Nel 2011 fu arrestato perché, insieme al fratello del capo dei capi Totò
Riina, Gaetano, si occupava delle estorsioni nel territorio tra Corleone e
Mazara del Vallo. È stato condannato per mafia in questi anni ma da oltre un
anno Alessandro Correnti, 48 anni, percepiva il reddito di cittadinanza.
Ovviamente un sussidio non dovuto proprio a lui che era stato condannato per
aver fatto parte di Cosa nostra a Corleone. I finanzieri della tenenza di Corleone, nel corso dei controlli relativi ai
benefici erogati dall’Inps, lo hanno denunciato alla procura.

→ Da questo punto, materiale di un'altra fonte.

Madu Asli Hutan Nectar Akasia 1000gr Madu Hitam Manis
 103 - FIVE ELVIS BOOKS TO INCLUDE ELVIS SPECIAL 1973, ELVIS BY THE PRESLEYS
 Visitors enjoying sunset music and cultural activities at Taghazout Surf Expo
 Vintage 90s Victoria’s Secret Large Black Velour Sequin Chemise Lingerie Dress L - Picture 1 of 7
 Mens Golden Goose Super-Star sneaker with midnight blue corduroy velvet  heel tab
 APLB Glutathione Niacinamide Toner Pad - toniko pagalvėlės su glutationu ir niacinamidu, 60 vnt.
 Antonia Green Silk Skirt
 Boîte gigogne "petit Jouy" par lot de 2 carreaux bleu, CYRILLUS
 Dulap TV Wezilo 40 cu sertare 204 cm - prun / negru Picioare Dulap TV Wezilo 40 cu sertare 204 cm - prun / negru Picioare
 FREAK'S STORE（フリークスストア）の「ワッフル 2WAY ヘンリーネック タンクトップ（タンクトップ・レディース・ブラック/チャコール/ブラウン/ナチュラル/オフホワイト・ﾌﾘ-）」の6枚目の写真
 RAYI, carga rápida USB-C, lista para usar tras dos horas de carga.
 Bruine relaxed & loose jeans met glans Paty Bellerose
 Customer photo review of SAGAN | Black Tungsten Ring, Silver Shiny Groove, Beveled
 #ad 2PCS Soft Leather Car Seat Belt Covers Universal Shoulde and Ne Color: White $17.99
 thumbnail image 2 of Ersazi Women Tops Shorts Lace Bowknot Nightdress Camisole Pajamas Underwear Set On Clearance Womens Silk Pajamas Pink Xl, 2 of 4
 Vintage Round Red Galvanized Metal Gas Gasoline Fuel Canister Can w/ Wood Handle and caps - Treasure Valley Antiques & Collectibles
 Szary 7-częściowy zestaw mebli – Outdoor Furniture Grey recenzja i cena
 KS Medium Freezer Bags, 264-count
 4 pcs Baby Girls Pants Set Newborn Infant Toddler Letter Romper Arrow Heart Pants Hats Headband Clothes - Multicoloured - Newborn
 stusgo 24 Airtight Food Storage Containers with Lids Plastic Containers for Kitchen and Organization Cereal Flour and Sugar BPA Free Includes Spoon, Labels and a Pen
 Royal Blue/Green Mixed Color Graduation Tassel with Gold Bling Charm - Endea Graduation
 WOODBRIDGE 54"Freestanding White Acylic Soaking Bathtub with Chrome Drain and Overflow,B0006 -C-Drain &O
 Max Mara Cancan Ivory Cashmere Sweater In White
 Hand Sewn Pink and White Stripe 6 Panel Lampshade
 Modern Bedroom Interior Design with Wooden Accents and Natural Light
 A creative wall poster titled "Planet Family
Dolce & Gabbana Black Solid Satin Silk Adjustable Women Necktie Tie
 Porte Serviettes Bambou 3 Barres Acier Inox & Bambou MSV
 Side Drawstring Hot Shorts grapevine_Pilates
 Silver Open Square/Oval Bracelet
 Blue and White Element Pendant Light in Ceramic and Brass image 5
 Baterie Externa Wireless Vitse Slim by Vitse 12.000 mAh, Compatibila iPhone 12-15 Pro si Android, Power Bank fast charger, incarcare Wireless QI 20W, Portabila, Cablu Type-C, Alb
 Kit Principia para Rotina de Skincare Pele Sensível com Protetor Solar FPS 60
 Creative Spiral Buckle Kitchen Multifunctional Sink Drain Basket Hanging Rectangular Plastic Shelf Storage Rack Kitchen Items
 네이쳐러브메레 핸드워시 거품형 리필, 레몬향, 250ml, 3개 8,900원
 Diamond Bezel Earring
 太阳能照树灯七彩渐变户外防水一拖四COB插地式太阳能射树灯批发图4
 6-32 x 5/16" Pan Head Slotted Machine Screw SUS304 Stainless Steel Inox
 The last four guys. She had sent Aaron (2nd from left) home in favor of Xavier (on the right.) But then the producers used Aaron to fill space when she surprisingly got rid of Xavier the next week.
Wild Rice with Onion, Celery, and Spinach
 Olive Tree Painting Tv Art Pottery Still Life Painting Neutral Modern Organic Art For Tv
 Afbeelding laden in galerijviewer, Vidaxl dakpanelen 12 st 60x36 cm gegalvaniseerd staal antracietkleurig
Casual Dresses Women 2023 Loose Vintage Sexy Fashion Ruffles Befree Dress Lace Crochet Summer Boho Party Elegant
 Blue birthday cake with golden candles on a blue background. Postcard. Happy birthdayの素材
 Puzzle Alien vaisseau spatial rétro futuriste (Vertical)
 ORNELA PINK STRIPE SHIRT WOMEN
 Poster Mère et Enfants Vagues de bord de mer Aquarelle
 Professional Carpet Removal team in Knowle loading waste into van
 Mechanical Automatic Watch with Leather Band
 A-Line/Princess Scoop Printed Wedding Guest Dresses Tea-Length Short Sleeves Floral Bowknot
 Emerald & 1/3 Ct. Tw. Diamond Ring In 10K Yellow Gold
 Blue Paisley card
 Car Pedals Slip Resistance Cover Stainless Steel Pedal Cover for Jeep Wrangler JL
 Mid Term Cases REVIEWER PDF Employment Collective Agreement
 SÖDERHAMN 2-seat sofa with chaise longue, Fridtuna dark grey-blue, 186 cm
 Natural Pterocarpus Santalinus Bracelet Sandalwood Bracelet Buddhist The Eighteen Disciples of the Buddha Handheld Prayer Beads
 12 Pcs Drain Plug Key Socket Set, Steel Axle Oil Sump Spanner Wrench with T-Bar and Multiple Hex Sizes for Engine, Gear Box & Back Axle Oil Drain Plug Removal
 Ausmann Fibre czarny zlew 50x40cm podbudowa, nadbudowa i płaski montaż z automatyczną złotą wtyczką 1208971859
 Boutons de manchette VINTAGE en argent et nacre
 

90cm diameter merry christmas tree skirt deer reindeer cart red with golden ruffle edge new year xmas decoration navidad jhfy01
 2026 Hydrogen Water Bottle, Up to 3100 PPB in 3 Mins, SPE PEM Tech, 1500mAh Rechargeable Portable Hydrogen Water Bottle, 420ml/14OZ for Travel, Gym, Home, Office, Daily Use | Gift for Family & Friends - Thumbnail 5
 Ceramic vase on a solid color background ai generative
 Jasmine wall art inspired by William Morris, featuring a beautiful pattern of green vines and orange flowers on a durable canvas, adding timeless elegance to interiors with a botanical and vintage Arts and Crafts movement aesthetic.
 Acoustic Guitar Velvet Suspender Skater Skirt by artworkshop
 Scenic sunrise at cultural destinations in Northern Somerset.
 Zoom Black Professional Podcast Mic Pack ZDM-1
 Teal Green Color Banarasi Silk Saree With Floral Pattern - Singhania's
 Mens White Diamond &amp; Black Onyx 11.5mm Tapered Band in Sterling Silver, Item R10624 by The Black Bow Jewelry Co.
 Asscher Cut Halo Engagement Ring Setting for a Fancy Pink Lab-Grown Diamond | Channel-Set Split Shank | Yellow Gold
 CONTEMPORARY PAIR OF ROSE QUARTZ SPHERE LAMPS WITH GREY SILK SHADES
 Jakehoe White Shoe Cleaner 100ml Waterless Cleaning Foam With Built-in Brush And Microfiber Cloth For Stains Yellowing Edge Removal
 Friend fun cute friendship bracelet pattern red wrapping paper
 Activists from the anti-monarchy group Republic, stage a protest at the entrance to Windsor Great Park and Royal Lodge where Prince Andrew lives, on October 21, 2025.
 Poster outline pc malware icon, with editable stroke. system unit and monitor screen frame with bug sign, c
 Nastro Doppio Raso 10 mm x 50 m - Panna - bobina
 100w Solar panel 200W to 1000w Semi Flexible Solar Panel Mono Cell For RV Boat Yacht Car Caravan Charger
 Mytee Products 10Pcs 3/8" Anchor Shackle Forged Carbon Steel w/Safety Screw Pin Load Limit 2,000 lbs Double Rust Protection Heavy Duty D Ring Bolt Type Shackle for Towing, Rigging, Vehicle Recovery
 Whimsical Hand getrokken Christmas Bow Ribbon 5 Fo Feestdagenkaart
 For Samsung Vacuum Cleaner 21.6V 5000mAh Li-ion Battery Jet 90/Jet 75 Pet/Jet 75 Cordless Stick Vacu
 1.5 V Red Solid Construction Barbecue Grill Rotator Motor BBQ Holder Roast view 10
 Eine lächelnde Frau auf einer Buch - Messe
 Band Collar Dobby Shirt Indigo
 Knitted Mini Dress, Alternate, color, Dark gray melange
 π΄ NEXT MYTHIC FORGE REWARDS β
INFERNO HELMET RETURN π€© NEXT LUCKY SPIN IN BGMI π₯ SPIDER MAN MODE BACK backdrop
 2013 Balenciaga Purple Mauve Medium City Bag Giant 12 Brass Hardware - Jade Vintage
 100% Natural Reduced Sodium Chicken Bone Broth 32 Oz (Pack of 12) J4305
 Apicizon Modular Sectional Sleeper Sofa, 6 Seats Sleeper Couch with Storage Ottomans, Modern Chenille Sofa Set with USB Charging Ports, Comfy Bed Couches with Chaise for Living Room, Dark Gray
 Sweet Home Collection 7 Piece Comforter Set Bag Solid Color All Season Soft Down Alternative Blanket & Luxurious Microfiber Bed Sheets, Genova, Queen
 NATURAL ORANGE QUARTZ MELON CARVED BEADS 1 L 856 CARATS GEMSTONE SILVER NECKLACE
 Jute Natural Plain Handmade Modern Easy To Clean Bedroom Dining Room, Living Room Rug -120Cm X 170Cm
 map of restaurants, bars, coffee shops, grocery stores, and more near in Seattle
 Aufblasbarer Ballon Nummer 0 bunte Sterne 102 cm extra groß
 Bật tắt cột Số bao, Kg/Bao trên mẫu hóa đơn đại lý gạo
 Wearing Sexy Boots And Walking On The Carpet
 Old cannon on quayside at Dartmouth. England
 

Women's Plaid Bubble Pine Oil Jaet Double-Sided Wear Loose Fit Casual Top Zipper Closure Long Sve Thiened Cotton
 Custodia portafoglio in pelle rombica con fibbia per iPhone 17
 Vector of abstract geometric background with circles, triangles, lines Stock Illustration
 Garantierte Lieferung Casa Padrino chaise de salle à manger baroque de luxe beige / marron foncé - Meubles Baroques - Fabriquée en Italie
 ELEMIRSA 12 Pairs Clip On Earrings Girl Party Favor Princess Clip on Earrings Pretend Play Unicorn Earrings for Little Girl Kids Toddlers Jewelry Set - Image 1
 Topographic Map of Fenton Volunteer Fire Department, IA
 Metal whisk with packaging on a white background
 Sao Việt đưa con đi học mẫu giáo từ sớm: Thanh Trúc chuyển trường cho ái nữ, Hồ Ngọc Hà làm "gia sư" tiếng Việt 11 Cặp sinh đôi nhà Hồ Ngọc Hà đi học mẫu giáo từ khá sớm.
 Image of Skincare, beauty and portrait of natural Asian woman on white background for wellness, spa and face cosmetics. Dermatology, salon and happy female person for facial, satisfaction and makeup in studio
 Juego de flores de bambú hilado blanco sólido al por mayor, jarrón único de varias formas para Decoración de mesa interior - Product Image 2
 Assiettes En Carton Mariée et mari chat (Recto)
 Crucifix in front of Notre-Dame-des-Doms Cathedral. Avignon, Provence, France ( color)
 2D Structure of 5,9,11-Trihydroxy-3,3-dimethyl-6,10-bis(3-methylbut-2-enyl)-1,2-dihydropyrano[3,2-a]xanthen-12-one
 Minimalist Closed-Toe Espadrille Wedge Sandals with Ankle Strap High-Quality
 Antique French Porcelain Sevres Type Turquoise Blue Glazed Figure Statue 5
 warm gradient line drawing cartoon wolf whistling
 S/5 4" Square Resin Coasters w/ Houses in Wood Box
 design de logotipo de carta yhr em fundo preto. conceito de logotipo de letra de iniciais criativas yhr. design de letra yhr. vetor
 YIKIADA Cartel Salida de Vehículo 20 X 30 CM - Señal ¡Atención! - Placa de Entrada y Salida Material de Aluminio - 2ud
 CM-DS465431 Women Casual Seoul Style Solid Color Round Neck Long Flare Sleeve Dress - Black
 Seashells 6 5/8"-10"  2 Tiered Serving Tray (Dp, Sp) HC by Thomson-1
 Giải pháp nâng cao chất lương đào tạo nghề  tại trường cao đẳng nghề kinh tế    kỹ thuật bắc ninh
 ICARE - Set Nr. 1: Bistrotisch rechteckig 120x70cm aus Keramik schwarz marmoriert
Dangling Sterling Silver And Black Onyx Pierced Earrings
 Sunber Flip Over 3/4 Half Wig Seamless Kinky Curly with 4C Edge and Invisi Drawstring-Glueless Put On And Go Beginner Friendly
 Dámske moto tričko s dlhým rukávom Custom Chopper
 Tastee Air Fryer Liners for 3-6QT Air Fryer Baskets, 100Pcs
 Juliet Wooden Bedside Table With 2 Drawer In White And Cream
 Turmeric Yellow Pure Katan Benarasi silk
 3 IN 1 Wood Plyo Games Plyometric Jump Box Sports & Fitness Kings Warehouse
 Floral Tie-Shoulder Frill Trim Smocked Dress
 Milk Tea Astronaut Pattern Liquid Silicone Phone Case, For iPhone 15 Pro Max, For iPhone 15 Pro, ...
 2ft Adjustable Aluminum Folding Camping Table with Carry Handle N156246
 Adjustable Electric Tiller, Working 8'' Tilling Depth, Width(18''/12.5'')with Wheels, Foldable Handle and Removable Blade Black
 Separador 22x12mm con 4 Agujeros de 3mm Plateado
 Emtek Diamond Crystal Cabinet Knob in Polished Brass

La condanna per mafia è uno degli ostacoli per accedere al reddito di
cittadinanza. E, invece, Alessandro Correnti aveva già intascato 9.800 euro
dall’aprile del 2019 ed è anche sottoposto alla misura cautelare dell’obbligo
di soggiorno nel comune di Corleone.
Il gruppo di Palermo della finanza, da alcune settimane, sta eseguendo
controlli a tappeto per verificare i requisiti di chi ha ottenuto il reddito di
cittadinanza. Le somme percepite da Correnti saranno sequestrate. «I
controlli proseguono – dice il comandante del Gruppo Palermo, Alessandro
Coscarelli – per verificare le autocertificazioni presentate ».
Quando nel luglio del 2011 Correnti venne arrestato, furono
ricostruite tutte le minacce e la sottomissione dei commercianti a
Corleone. Nessuno dei commercianti contattati dagli investigatori ammise mai
nulla. Eppure le indagini avevano trovato diversi riscontri ai ricatti imposti
dal nuovo clan Riina, che poteva contare su due giovani reggenti, Giuseppe
Grizzaffi ( pronipote dei Riina) e il cognato Alessandro Correnti. Il fratello
di Totò Riina faceva invece da supervisore e consigliere. Le microspie
raccontarono anche di un imprenditore del settore ortofrutticolo che telefonò
addirittura a casa di Gaetano Riina per mettersi a posto con la tassa mafiosa.
Alla moglie del boss affidò un messaggio: « Devo consegnare un acconto di 300
sui 2800 concordati». Il fratello di Totò Riina pensò addirittura a una
trappola della polizia. E allora mise in guardia i suoi fidati. Ma
quell’imprenditore non era un poliziotto, era un disperato che seguiva le leggi
della mafia. Da qualche anno il nome di Alessandro Correnti non fa parte delle
cronache giudiziarie e forse, anche lui, sperava che il suo cognome venisse
dimenticato e ha presentato una richiesta per il reddito di cittadinanza che
gli è stato, incredibilmente, concesso. La guardia di finanza, invece, quel
cognome non lo ha dimenticato e ha scoperto il raggiro. — ro.ma.